Fighting back tears as he spoke to the Evening News, Angus said: “He just turned on me. My mind went a bit blank and all I thought was ‘I should protect myself as much as I can’. He must have realised what he had done because he dragged me to his house to get me cleaned up.

“Then he hit me again in the garden and I have no recollection after that.”

Angus, who is the youngest of three boys, woke up in a hospital bed where he stayed for a day before being transferred to St John’s Hospital, in Livingston, for a further five days.

He said: “I was really confused when I woke up. I couldn’t open my eyes as they were swollen shut.”

Angus was unable to go back to his job restoring classic cars until January 19 while he recovered from his injuries.

The attack has also left him scared to go out alone at night, and when he does he is always looking over his shoulder.

Angus, of Newtongrange, said: “It has changed everything. You get all paranoid. I try to avoid going out on my own at night now.

“It would definitely make me think twice about helping somebody now.”

Ramsay, 25, was sentenced to 18 months in prison by Edinburgh Sherriff Court yesterday after admitting the assault.

But Angus and his parents have criticised the light sentence, which has been backdated to October 27 when Ramsay was initially remanded in custody.

His parents Amanda, 53, and Henry, 56, branded the sentence as “disgusting” and called for better treatment of victims.
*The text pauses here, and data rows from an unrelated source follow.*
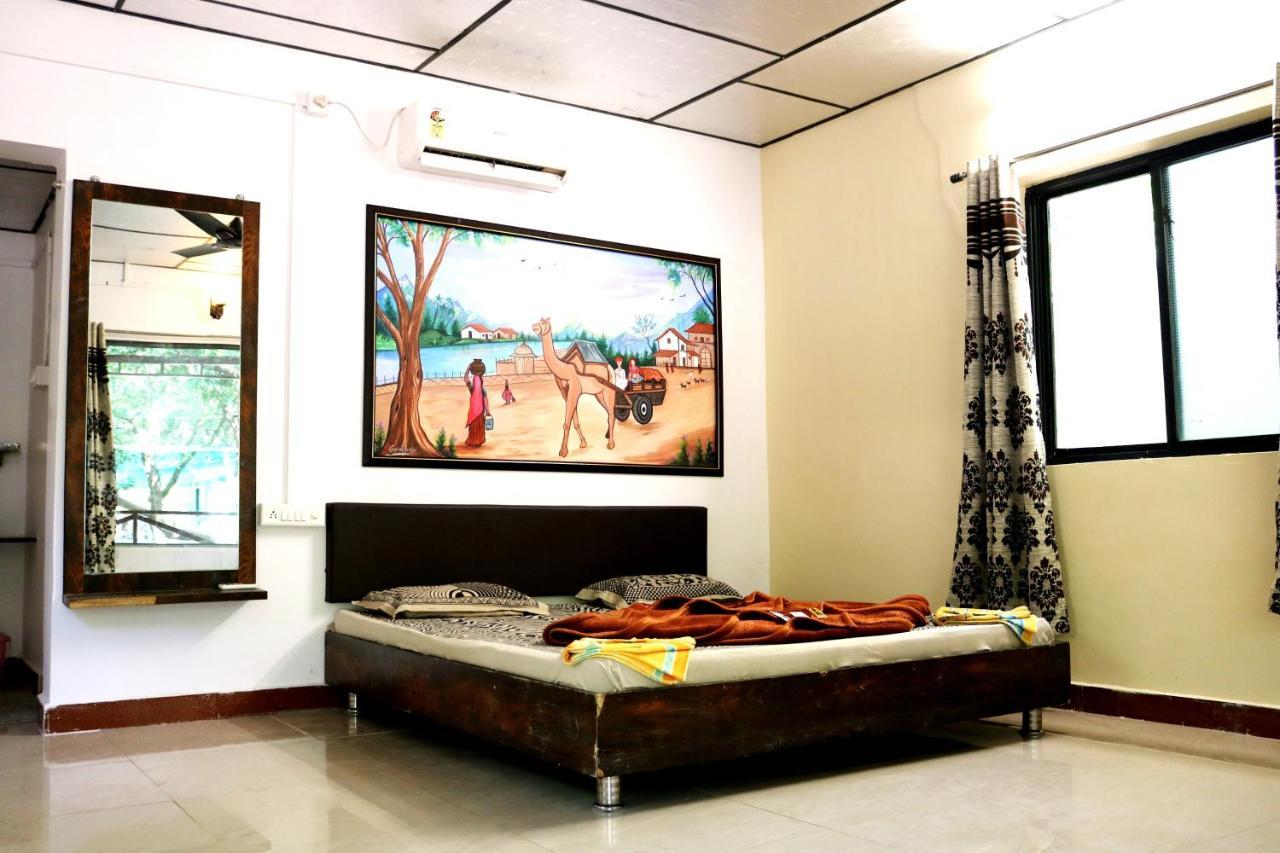 The Wilds Villa Gir Jungle Stay With Swimming Pool Sasan Gir Exterior foto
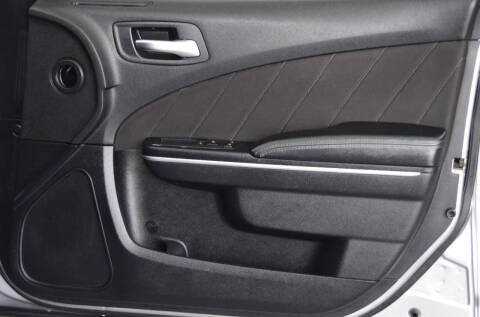 2015 Dodge Charger SXT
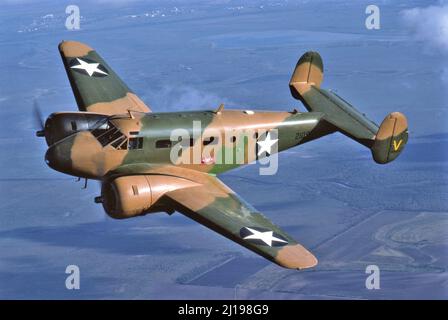 Beechcraft Modell 18 Militärflugzeug mit Doppelmotor. Stockfoto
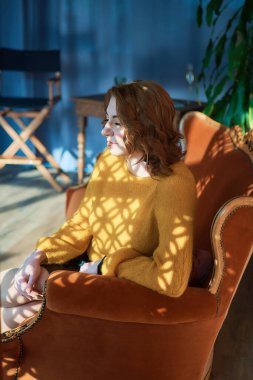 Çekici kızıl saçlı orta yaşlı kadın, stüdyo fotoğraf çekimi.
Mrs Gallagher said: “My husband and I are totally shocked and think it’s disgusting. I don’t know the definition of a long time but 18 months doesn’t seem to be very long. It’s not justice. He was only helping someone and this was his reward.”

When police came to their door in the middle of the night, Mrs Gallagher said she thought Angus was dead.

“When we were taken to the resuscitation unit where Angus was, my husband couldn’t walk through the door,” she said.

“He just gripped my arm and said ‘My god, what have they done to my boy’. I couldn’t recognise him. His head was about five times the size it should have been. He was covered in blood.

“The police photographer who came along said she had never seen such damage before in her life. That’s why we are so upset with what we heard in court.”

Their frustration was echoed by Councillor Cameron Rose, a former police officer, who said more should be done to help victims.

Cllr Rose said: “I don’t know the exact details of this case, but the serious injuries inflicted on this man suggest the sentence may not give confidence in the justice system to the public.”